Oh, so she barely sells any passwords, but if she suddenly managed to sell more passwords in a day than she sold since starting her business, she would beat minimum wage. Needless to say, if she ever had to hire employees, in case her business enters hockey stick growth, she won’t even break even, assuming labor, materials and shipping aren’t for free. I found the numbers amusing, though, because they suggest that it takes her ten minutes to generate a pass phrase. Guess what also takes about ten minutes? Writing a script that does this for you automatically and which can spew out pass phrases until the cows come home. In very straightforward Python, it looks like this (also on Github):

from random import randint

WORDLIST = "diceware.wordlist.asc.txt"
PARTS    = 6

def createPhrase(dct, nums):
    result = ""
    for i in range(0, nums):
        result += dct[throwDice()] + " "
    return result

def throwDice():
    result = ""
    for i in range(0,5):
        result += str(randint(1,6))
    return result

def main():
    with open(WORDLIST, "r") as ins:
        diceDict = {}
        for line in ins:
            (nums, word) = line.split()
            diceDict[nums] = word

    print createPhrase(diceDict, PARTS)

main()

A clear giveaway that little Mira Modi does not really grasp her business, which was arguably all the creation of her mother anyway is that the ArsTechnica article shows the following picture:

Can publicly available information be top secret?
Can publicly available information be top secret?

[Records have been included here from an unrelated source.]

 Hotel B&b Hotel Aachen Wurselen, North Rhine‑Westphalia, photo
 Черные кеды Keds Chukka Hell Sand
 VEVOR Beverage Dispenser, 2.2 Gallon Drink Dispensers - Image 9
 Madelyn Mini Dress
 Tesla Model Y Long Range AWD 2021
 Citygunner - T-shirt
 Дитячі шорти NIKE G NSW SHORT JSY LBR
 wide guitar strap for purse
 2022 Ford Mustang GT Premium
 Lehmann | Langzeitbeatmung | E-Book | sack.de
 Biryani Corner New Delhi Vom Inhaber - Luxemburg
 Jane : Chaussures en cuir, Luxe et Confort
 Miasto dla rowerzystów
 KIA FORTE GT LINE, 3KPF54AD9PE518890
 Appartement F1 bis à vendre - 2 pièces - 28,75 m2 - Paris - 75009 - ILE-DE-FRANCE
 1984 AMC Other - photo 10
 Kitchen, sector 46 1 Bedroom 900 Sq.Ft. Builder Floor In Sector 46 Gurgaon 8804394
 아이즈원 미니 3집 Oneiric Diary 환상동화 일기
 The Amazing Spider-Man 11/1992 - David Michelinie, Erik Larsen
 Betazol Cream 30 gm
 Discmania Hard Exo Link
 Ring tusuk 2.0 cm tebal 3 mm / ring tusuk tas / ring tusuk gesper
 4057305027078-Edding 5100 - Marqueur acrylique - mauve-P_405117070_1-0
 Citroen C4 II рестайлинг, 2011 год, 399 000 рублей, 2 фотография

That’s right, a publicly available list is declared “top secret”.

What I find grating about articles like this is that they celebrate non-achievement. It would be far more impressive to find an 11-year old who is able to write a simple program that would automate this task, and if said 11-year old had a well-connected parent, we would surely see articles in ArsTechnica about them as well, which would be just as misplaced because a modicum of precocity is hardly worthy of a story. This ties into a much bigger problem of today’s education at the primary and secondary level. Pupils are coddled, and don’t really learn to exert real effort. But those who continue their education at a decent university and who do not enroll in a fluffy subject will have a rude awakening. After covering Diceware and hinting at the downsides of today’s education, it’s now time to move on to talk about “security theater”.

I mentioned that a computer program would be able to automate the task of generating pass phrases. The Diceware webpage does not agree, but it is mistaken:

Can I use a computer to generate Diceware passphrases?

Generating truly random numbers using a computer is very tricky. The so-called random number generators that come with most programming libraries are nowhere near good enough. For most users dice is by far a better way to select passphrase words.

This is nonsense. To be more polite, it is an example of FUD. True, the randomness in your machine is not truly random. Using a computer program for generating Diceware phrases, though, is safe for precisely the reason that it is simply implausible that an attacker would be able to recreate and maintain the exact same state (!) your machine was in when you ran a Diceware generator. If an entity was as powerful as that, it surely would find more efficient uses for their resources.

FUD seems to be the forte of Arnold G. Reinhold, the creator of Dicewords, as he gives the following advice:

For maximum security make sure you are alone and close the curtains. Write on a hard surface — not on a pad of paper. After you memorize your passphrase, burn your notes, pulverize the ashes and flush them down the toilet.

This would have worked in the world of James Bond in the 1960s. However, today’s super villains of course have cameras installed everywhere, so you better construct the resulting passphrase entirely in your head. Indeed, once you try them on, tinfoil hats are somewhat comfortable. Let’s get back to reality, though. In case you have not been following the news for a couple of years, you should know that privacy on the Internet does not really exist anymore.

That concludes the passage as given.